Le chantier du TGI de Paris au point mort

La construction du nouveau palais de justice dans le quartier des Batignolles à Paris débute très mal. Selon nos informations, Bouygues, qui avait commencé les travaux en juin, les a arrêtés fin juillet. Depuis plus de deux mois, le chantier est donc au point mort. Aujourd’hui, personne ne peut dire quand il pourrait redémarrer.

 

Pour l’instant, l’érection de cette tour de 160 mètres n’est pas remise en question. Mais, à ce stade, il semble improbable qu’elle soit livrée à la date prévue, en novembre 2016. «Pour les bâtiments très élevés, on a beaucoup de mal à rattraper le temps perdu», explique un expert du BTP. Le tribunal de grande instance, qui doit quitter l’île de la Cité pour s’installer dans ce gratte-ciel début 2017, risque donc de déménager bien plus tard que prévu. Ce contretemps tombe mal, car il s’agit d’un projet emblématique: un immeuble conçu par l’architecte star, Renzo Piano, pour accueillir 9000 personnes par jour ; un édifice que le consortium emmené par Bouygues construira puis entretiendra pendant vingt-sept ans pour au moins un milliard d’euros. Tout cela dans le cadre d’un partenariat-public-privé (PPP).

 

À l’origine de ce blocage, il y a un problème d’argent. Pour mener à bien ces travaux, le major du BTP a contracté de gros emprunts. Or, comme souvent, les banques ne veulent pas débloquer les fonds à cause d’un recours contre le contrat de partenariat. Déposé par des avocats en colère réunis dans l’association La Justice dans la cité, ce recours a été débouté en première instance en mai 2013. Ce n’est pas suffisant pour que les banques honorent leurs engagements, même si, de l’avis général, ce procès devrait tourner en faveur de l’État.

 

En fait, ces sommes seront disponibles si la cour d’appel donne raison aux pouvoirs publics qui ont passé cette commande à Bouygues et ses partenaires. Mais cette décision n’est pas attendue avant 2014. Le chantier risque donc d’être bloqué encore de longs mois.

 

Pour éviter cette situation ubuesque et permettre aux banques de débloquer les crédits tout de suite, l’État avait bien accordé sa garantie qu’il paierait au cas improbable où ce contrat de partenariat serait annulé par la justice. «Mais cet élément a aussi été attaqué devant le tribunal parLa Justice dans la cité, explique un connaisseur du dossier.

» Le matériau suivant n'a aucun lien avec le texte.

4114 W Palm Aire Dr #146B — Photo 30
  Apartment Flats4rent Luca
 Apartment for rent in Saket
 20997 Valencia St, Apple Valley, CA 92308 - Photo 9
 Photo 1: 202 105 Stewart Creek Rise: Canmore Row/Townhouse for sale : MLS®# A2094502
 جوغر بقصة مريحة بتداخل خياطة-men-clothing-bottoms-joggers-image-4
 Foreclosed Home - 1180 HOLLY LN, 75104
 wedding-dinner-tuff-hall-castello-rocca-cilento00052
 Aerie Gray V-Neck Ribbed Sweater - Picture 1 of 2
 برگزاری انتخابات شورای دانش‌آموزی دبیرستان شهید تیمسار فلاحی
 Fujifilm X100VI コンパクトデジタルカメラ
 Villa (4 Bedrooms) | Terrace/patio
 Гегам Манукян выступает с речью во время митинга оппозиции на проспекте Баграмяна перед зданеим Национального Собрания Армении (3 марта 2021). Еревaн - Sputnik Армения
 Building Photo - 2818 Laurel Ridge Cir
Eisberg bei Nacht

Du coup, les banquiers le jugent sans valeur et ne veulent toujours pas apporter les fonds.»

 

Pour sortir de cette impasse, Bouygues s’est rapproché des pouvoirs publics. «Nous avons eu une première réunion avec la ministre de la Justice pour trouver une solution», expliquait déjà fin août Yves Gabriel, PDG de Bouygues Construction.

 

Le ton est monté

 

Depuis, les contacts se sont multipliés. Principalement entre le groupe de BTP et l’Établissement public du Palais de justice de Paris (EPPJP) chargé de ce projet. Mais sans plus de succès. Le ton est même monté entre les deux entités qui ne sont pas du tout sur la même longueur d’onde. «Bouygues voudrait que l’État redonne sa garantie, souligne un expert. Et l’EPPJP souhaiterait que ce soit Bouygues qui prenne ce risque.»

 

La garde des Sceaux, Christiane Taubira, préfère compter les points de loin. Mais elle n’est certainement pas gênée que ce PPP fonctionne mal. À peine arrivée à la Chancellerie, en mai 2012, elle s’était exprimée contre cette formule qui, selon elle, entraînait une inflation des coûts. Elle avait même chiffré ce projet à plus de 2,5 milliards sur vingt-sept ans.

 

Le premier ministre, Jean-Marc Ayrault, avait sifflé la fin de la récréation en janvier 2013 en confirmant la construction du TGI sous cette forme. Pour ne pas perdre la face, Christiane Taubira se voyait confier la mission de renégocier ce contrat à la baisse. «Elle va y arriver mécaniquement grâce à la baisse des taux», sourit un spécialiste. Pour que cela présente un intérêt, encore faudrait-il que la construction de l’édifice redémarre.